Complexo, também, é o perfil do próprio Trump. Conforme Lehmann, o presidente eleito dos EUA tende a se incomodar com os eleitores mais conservadores, para os quais dirigiu um discurso por vezes obscurantista – que terá de ser confirmado com ações. O cientista político lembra que Trump já foi democrata, defensor do aborto e até financiador de campanhas para a agora adversária Hillary Clinton.
– Trump é de Nova York. Traz algo dessa origem. Não era um político conservador nos costumes. Na verdade, ele não tem uma visão política fixa.

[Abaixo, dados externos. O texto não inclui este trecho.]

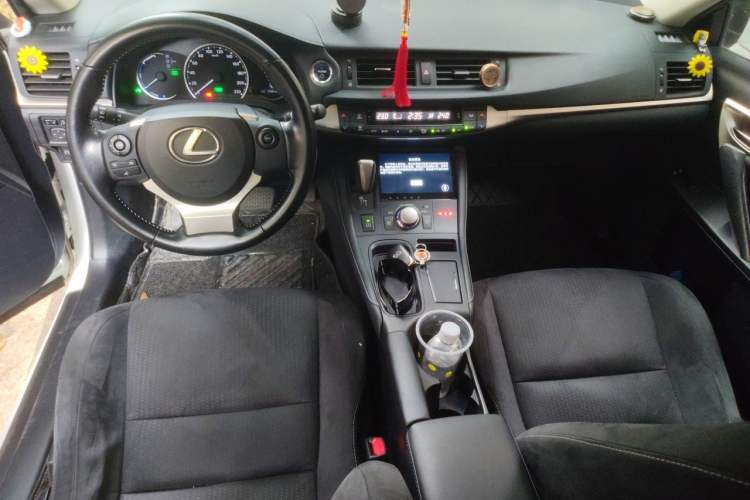 Used Lexus CT 2017 CT200h Elite Edition Monotone China VI Center Console
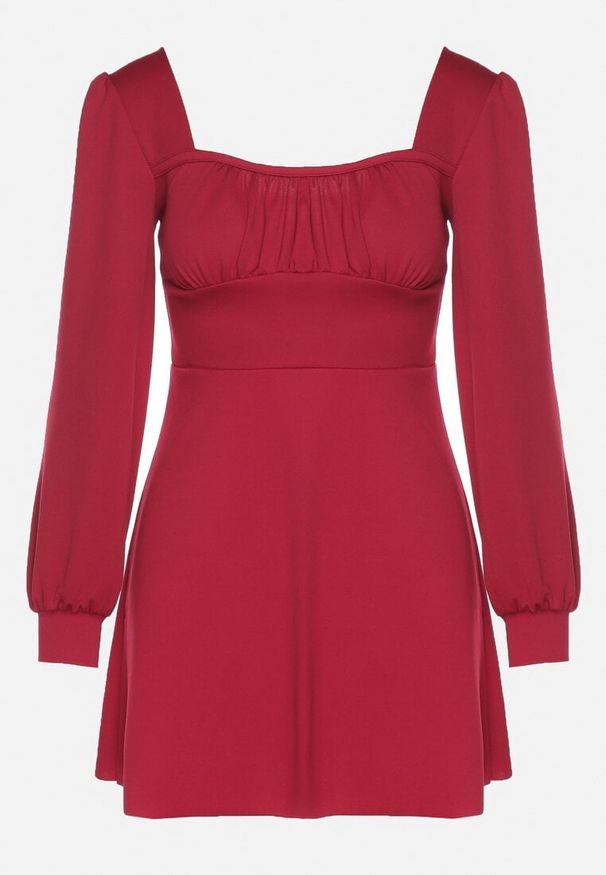 Born2be - Różowa Sukienka z Bufiastymi Rękawami i Kwadratowym Dekoltem Sopanielle. Okazja: na co dzień. Typ kołnierza: dekolt kwadratowy. Kolor: różowy. Materiał: skóra. Styl: klasyczny, casual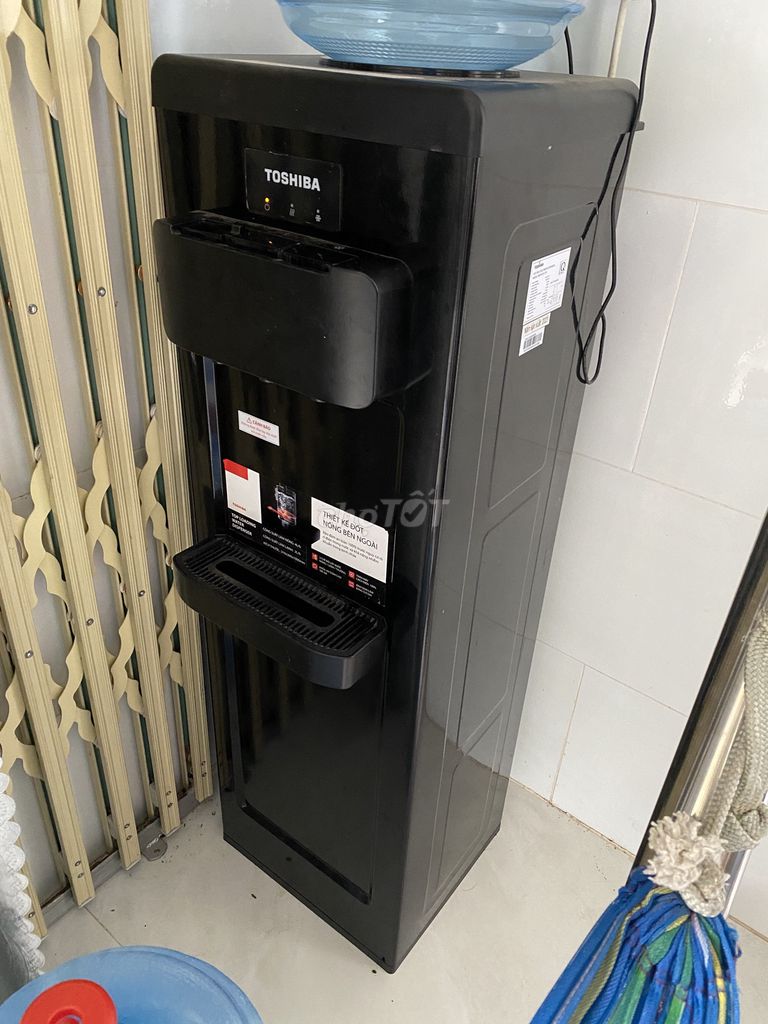 Máy nước nóng lạnh Toshiba RWF-W1917TV Đen. Mua bán Bếp, lò, đồ điện nhà bếp tại Thị xã Tân Uyên Bình Dương được đăng bởi Quý hình 1
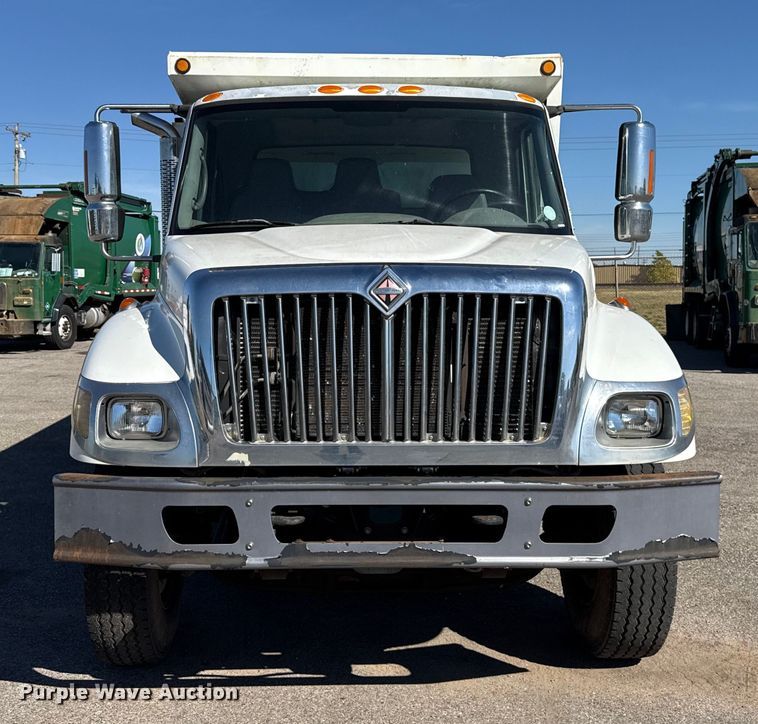 image for item EU5317 2003 International 7400 dump truck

O professor de Relações Internacionais da Universidade de Brasília (UnB) Alcides Vaz chama a atenção especialmente para os votos em Michigan:
– Michigan precisa ser estudado com atenção. É um berço democrata, sempre se orgulhou por ter plantadas lá as causas dos direitos individuais. Ainda industrializado, sofreu com as terceirizações e com a automação.

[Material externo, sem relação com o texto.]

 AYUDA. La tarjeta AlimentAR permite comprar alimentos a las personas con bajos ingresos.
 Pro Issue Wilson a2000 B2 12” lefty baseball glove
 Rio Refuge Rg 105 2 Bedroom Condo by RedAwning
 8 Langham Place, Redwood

Vaz identifica outro elemento, além do conservadorismo e da perda de empregos, que explica a vitória de Trump: o sentimento contra o sistema político.

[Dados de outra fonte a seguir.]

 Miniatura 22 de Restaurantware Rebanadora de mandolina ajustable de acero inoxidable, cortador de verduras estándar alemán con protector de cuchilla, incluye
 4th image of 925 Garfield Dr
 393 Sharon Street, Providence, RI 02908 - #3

– O sentimento antiestablishment foi captado por Trump. É mais difuso, não guarda território. Trump questionou o sistema, os lobbies, a tecnocracia, o corporativismo. Isso foi ao encontro do atual humor americano – diz ele.
Exemplos emblemáticos:
Ohio
Estado que contempla duas características marcantes nos eleitores de Trump. Os "caubóis", que se manifestaram a favor do republicano e o trabalhador que perdeu emprego por conta da globalização.
Texas
Parte da população texana, como de outros Estados do sul e centro-sul americanos, tem origem mexicana. Muitos dos que estão lá não aceitam os ilegais. Voltaire Schilling os compara a um náufrago. Se vierem outros ao escaler, vão morrer afogados. São os sobreviventes que rejeitaram as novas ondas migratórias. Temem que envolvimento dos ilegais com o crime arranhe sua imagem. Muitos latinos votaram no candidato de discurso contra os imigrantes.
Michigan
Estado em que o presidente Barack Obama costumava demonstrar forte influência, ainda industrializado. É onde fica Detroit, grande usina automotiva, que perdeu força. Surge como grande incógnita. Defensor das conquistas individuais, votou em Trump e aparece como desafio para os analistas decifrarem com calma.
Flórida
Não se imaginava vitória para Trump. Firmou-se por décadas como o local onde se acolhem os latinos (cubanos, haitianos, porto-riquenhos, colombianos, venezuelanos e brasileiros), em razão da insegurança nos países de origem. A Flórida é um porto de chegada dos latinos. Pode ser apresentada como o escaler de sobreviventes que fogem das crises latino-americanas.
Pensilvânia
Estado conhecido por ter perdido muito com a globalização econômica das últimas décadas, que, em sua narrativa, é sinônimo de desemprego. Já foi reduto democrata. Deixou de sê-lo.